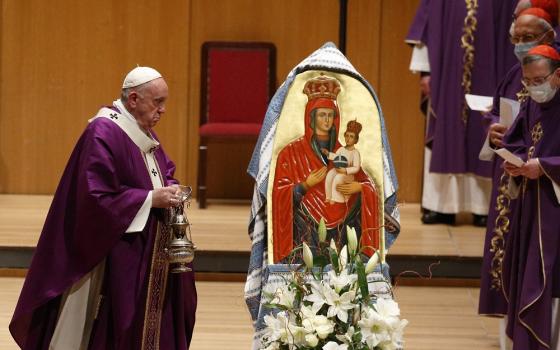 Pope Francis uses incense to venerate a Marian image as he celebrates Mass in the Megaron Concert Hall in Athens, Greece, Dec. 5, 2021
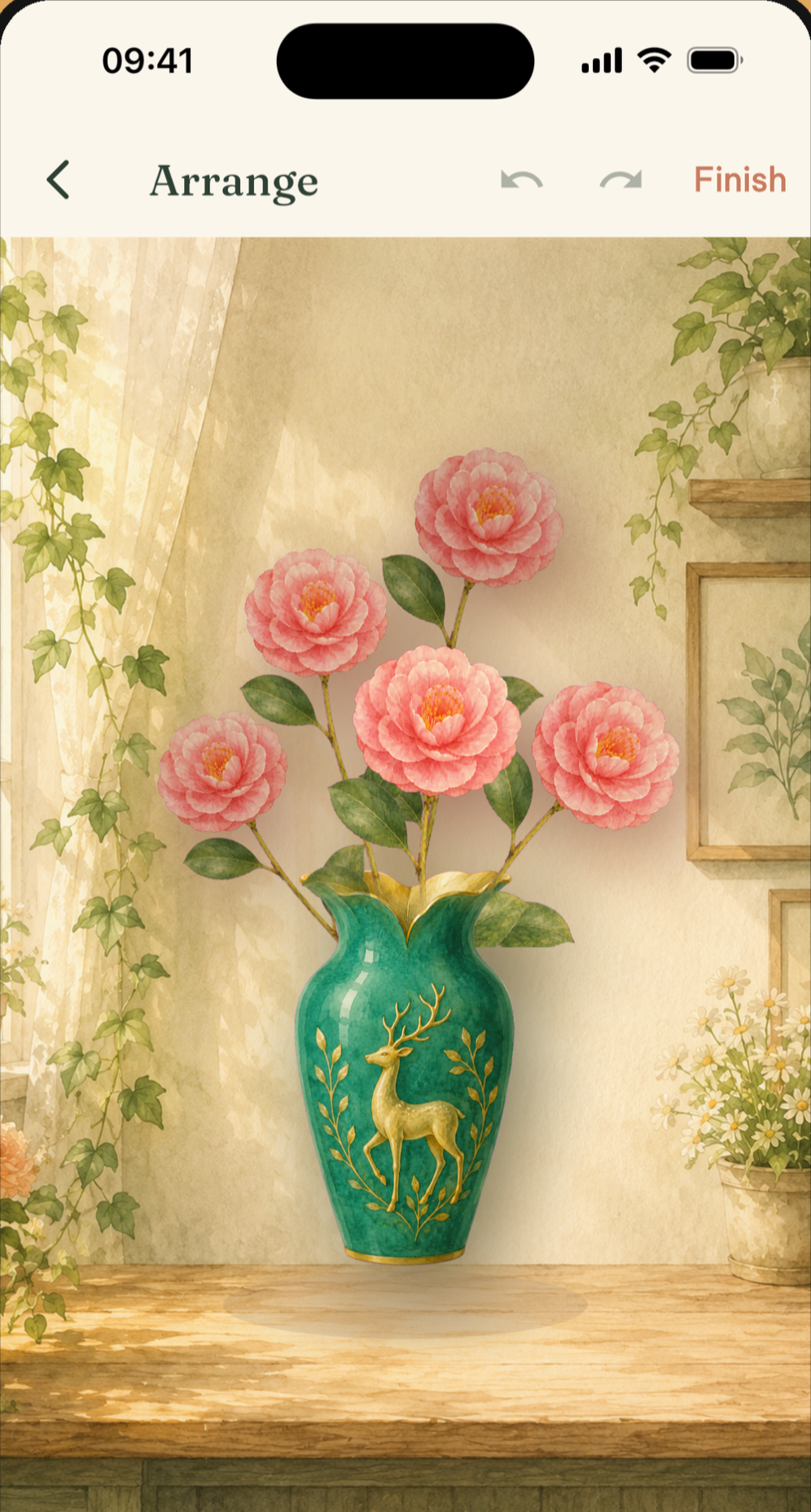 The Bloomette arrange screen: pink camellias being placed into a green deer vase.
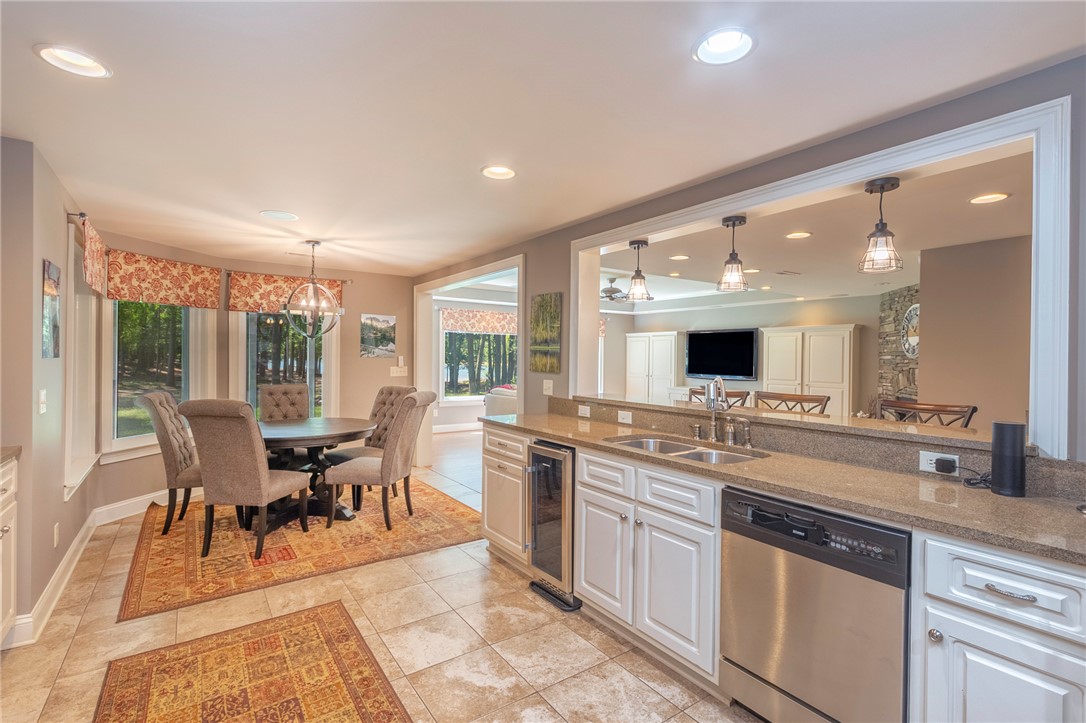 4420 Denver Cove Road Anderson, SC 29625 - Photo 50 of 50 This kitchen and dining area features granite counters and an open floorplan, creating an inviting space.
-=-=-
- INSTRUCTIONS FOR THE TASK -
Drop the images and copy all the data exactly.

- OUTPUT FOR THIS EXERCISE -
 Pope Francis uses incense to venerate a Marian image as he celebrates Mass in the Megaron Concert Hall in Athens, Greece, Dec. 5, 2021
 The Bloomette arrange screen: pink camellias being placed into a green deer vase.
 4420 Denver Cove Road Anderson, SC 29625 - Photo 50 of 50 This kitchen and dining area features granite counters and an open floorplan, creating an inviting space.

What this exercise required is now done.